This unit is based on Madeleine L'Engle's fabulous book! Students will explore citing evidence, understanding theme, discovering relationships and plot, diving into vocabulary strategies, and identifying the importance of sections. Students will also learn author strategies for creating point of view, understand the difference of reading text vs. listening to text, and compare similar texts in regards to theme and topic. YES, this unit is PACKED with rigorous content that will challenge your students to dig deeper and think differently. This unit is made for high 6th grade, but can easily be adapted for your specific grade level. Fasten your seat belts--This is a FUN unit!
NOTE: This unit is divided into 6 different sections (approximately 35-40 book reading pages per section). Each section has a summary, discussion questions/highlights, vocabulary/ vocabulary test, and student packet questions. It is recommended to pace the unit at one section per week. However, for higher level classes, two sections would be very doable.
Ways to use this unit:
*small group learning through conversational learning
*gifted and talented independent learning
*whole class unit to promote discussion
CCSS ELA-Literacy-RL6.1: Cite textual evidence to support analysis of what the text says explicitly as well as inferences drawn from the text.
CCSS ELA-Literacy-RL6.2: Determine a theme or central idea of the text and analyze its development over the course of the text; provide a summary of the text distinct from personal opinions or judgments.
Progress of Plot/ Relationships
CCSS ELA-Literacy-RL6.3: Describe how a particular story’s or drama’s plot unfolds in a series of episodes as well as how the characters respond or change as the plot moves towards a resolution.
Meanings of words
CCSS ELA-Literacy-RL6.4: Determine the meaning of words and phrases as they are used in a text, including figurative and connotative meanings; analyze the impact of a specific word choice on mean and tone.
CCSS ELA-Literacy-RL6.5: Analyze how a particular sentence, chapter, scene, or stanza fits into the overall structure of a text and contributes to the development of the theme, setting or plot.
Author point of view
CCSS ELA-Literacy-RL.6.6: Explain how an author develops the point of view of the narrator or speaker in a text.
Reading vs. listening
CCSS ELA-Literacy RL6.7: Compare and contrast reading a story, drama or poem to listening to or viewing an audio, video or live version of the text.
Link to other texts
CCSS-ELA-Literacy-RL6.9: Compare and contrast texts in different forms of genres in terms of their approaches to similar themes and topics.
How to use this Unit
Summary—each chapter has a brief summary. This may be used to set up the lesson or assess student understanding and comprehension.

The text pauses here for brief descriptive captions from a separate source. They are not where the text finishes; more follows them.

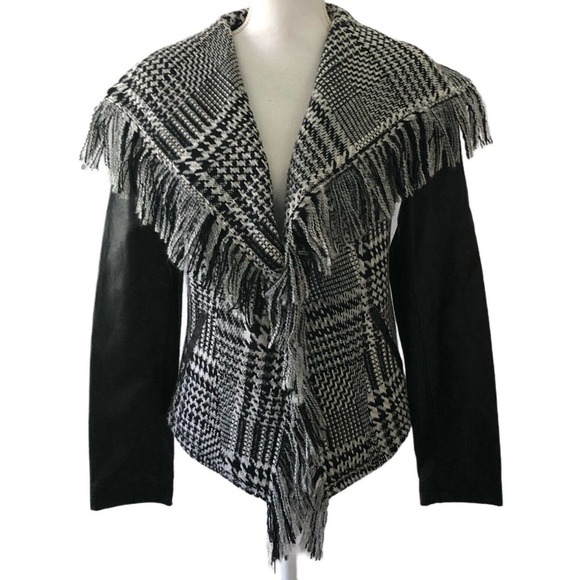 GUESS Jackets & Blazers - Guess Women's Wool Blend Faux Leather Arms Fringe Trim Plaid MOTO Jacket Sz M
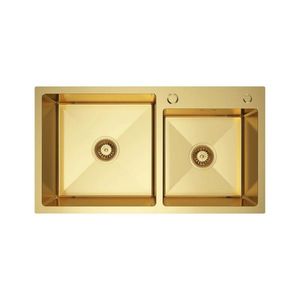 VELAZO Dvojkomorový oceľový drez zlatý 78 x 45 cm, Velazo VELAZ7845G vyobraziť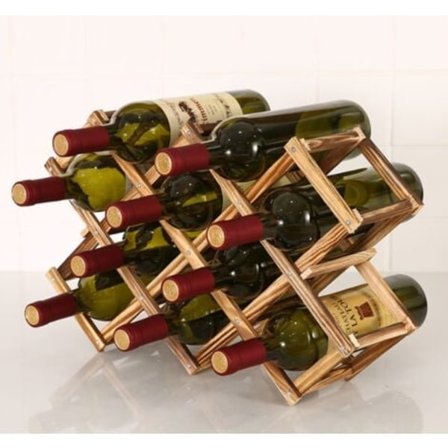 Trävinställ kreativt tallträvinställ fällbart trävinställ prydnader multiflaska prydnader 2 st tre flaskor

Discussion questions—created to promote discussion within the class; may also be used to assess reading comprehension.
Highlights—specific notes about events in the book; supplemental material suggestions that may be useful to promote better understanding; “add-ons” that I have used in my own teaching to make this unit fun.
Vocabulary—specific words found in each chapter that relate to the understanding of the setting, character or plot. Definitions are provided. Students have a similar section in their packets where they will use the following strategies to define a word: apposition, word analysis, context clue.
*Vocabulary quizzes/answer key included in packet. Students should be encouraged to know definitions and be able to use vocabulary words correctly within a sentence.
Student Chapter packet questions—student packet questions to promote development of common core standards. Standards are noted (for example, RL6.2) next to the questions. Answers are provided.
Note: The student packet is meant to be used as a work packet and discussion tool. Students may assess their work and track progress on their Student Progress Trackers and use this information to guide their study for the final test.
Vocabulary—be able to define specific words in text using the following vocabulary strategies: apposition, word analysis, context clues.
Application questions—each question is specifically linked to a CCSS within this unit. All questions are labeled.
Student Progress Tracker—found at the end of the student packet.